The PDP leadership thought it was all a joke. Why label them rebels; to bring back memories of the war? Will PDP keep Nigeria at war perpetually? Now, the PDP’s rebels are heroes of the All Progressives Party (APC), which is fighting to save our democracy from the brink to which the PDP has recklessly taken it.
As the PDP battled to rein in its “rebel” governors, it got support from the Presidency and the police. The police, following “orders from above”, smashed a ceremony at which new teachers were to be presented letters of appointment in Port Harcourt. The New PDP’s offices in Abuja and Port Harcourt were sealed off after the police got “orders from above”. A meeting of governors at the Kano Governor’s Lodge in Abuja was invaded; the police had “orders from above”. The police should not be deceived; Nigerians know that finding among them a spiritual giant who may be getting heavenly instructions is like finding a needle in a hay sack. Many Nigerians will readily proclaim that “above” is the Villa. Can’t the police be more creative?
There are so many other fascinating words and phrases, thanks to the inventiveness of our talented politicians. If they build a public toilet and give youths motorcycles, they call in television stations to beam to us all their “giant strides”. And when it is time for elections, they buy cutlasses and axes for youths–all in the name of “youth empowerment”.Whatever they do, they say it is to “move the nation forward”, even as they, by their actions, engage the reverse gear.
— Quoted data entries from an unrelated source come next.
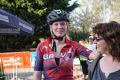 DSC09442.JPG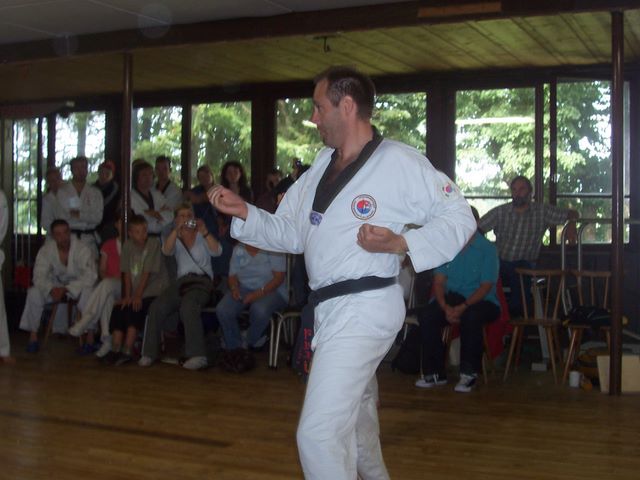 heiss_4dan_tkd05.jpg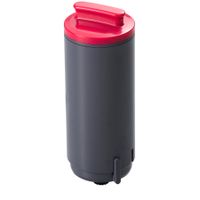 Miniatura 2 de SAMSUNG Toner Magenta CLP 350,CLP 350N (2.000 pag.)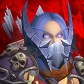 Mcboss portrait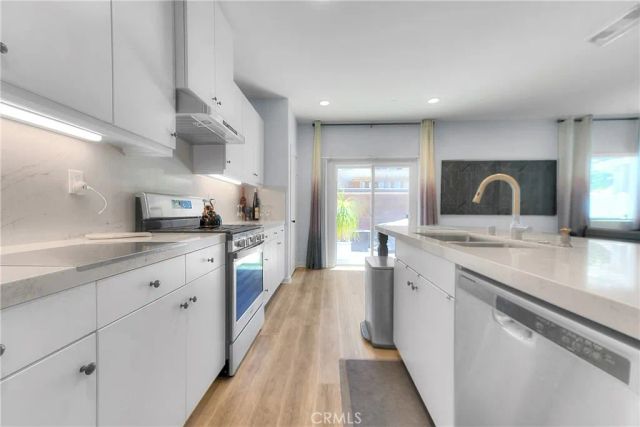 27393 Red Rock Road, Moreno Valley, CA 92555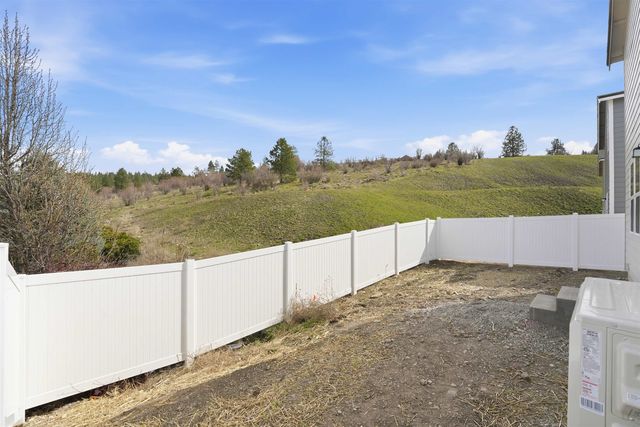 2670 N Broadwing Ln, Liberty Lake, WA 99019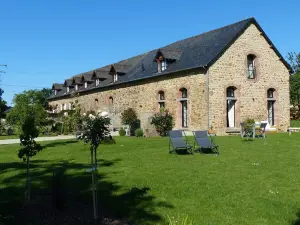 La Sellerie
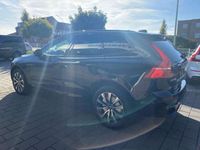 gebraucht Volvo XC60 Plus Dark B4 Mild Hybrid Panorama. ACC BLIS LED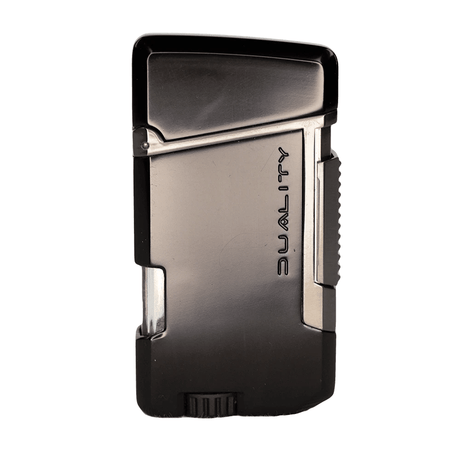 Duality 1+1 Torch Lighter - Vapefiend UK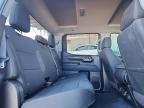2024 Chevrolet Silverado K1500 RST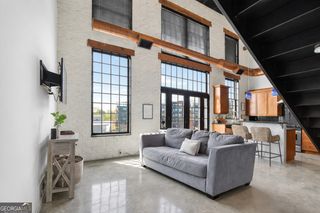 5434 Peachtree Road 117, Atlanta, GA 30341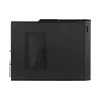ohišje za računalnik 2E, Black (2E-S616-400)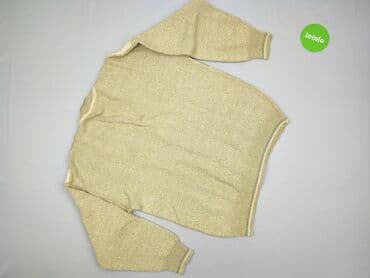 custom t shirty maker: Women`s knitwear, size 2XL (EU 44) — 3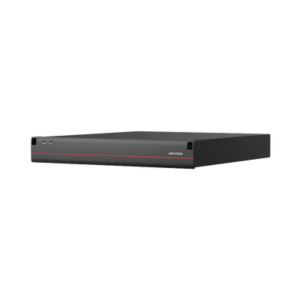 Servidor de Detección de Vibración por Fibra Óptica / Alcance 5 km (16404.2 ft) / Precisión ±5 m (16.4 ft) / Respuesta ≤2 s / Frecuencia 10 Hz a 5 kHz / Doble Canal DAS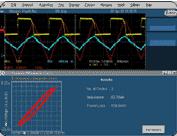 <b class='flag-5'>電源</b><b class='flag-5'>系統(tǒng)分析</b>與測試—功率測量和<b class='flag-5'>分析</b>軟件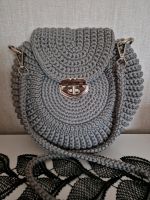 Handtasche-Handmade Nordrhein-Westfalen - Lotte Vorschau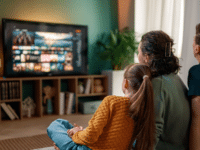 Religion on TV: BBC reaffirms commitment amid overall decline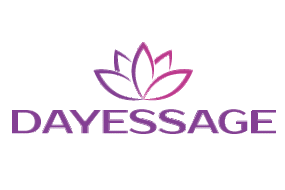 Dayessage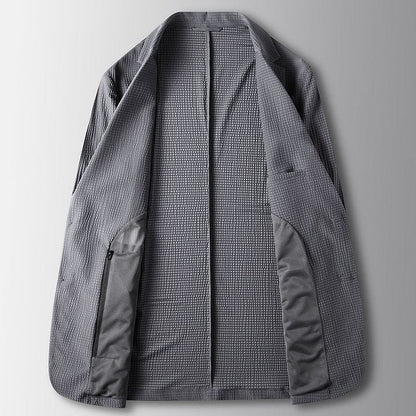 Sebastien™ Blazer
No matter what you say about the Nigerian politician, you can’t accuse him of not being creative, most of the time in the negative sense. He knows how to choose his words and use them to the fullest effect.
A bloody nose for PDP
Peoples Democratic Party (PDP) chair Bamanga Tukur says he is “shocked”– I hope his doctors are on the alert for any eventuality– that five of its governors have fled like rats from a sinking ship. The party should, by now, be ruing the day it decided to enthrone impunity over justice and division over unity, setting one group against another and mixing personal interest with party interests, even as it paid little attention to governance. Its loss of five governors –more to follow – to the All Progressives Party (APC) will surely hurt its foolish dream of ruling Nigeria for 60 years.
The APC has been called a party of strange bedfellows. But its leading lights have said that the guiding principle is to save Nigeria’s democracy from the political barracudas in the PDP, which has made a mess of almost all the sectors –economy, education, security and more. The government has been fighting corruption with all its might, but corruption keeps growing. It has been crying rule of law, vowing to respect the constitution, yet impunity rules. It has been sloganeering about free and fair elections, yet ballots get battered.
There is no need to cry for the PDP. It has all the opportunities to make life comfortable for us all, but it lacks the tools – leadership and character. Isn’t that what politics is all about?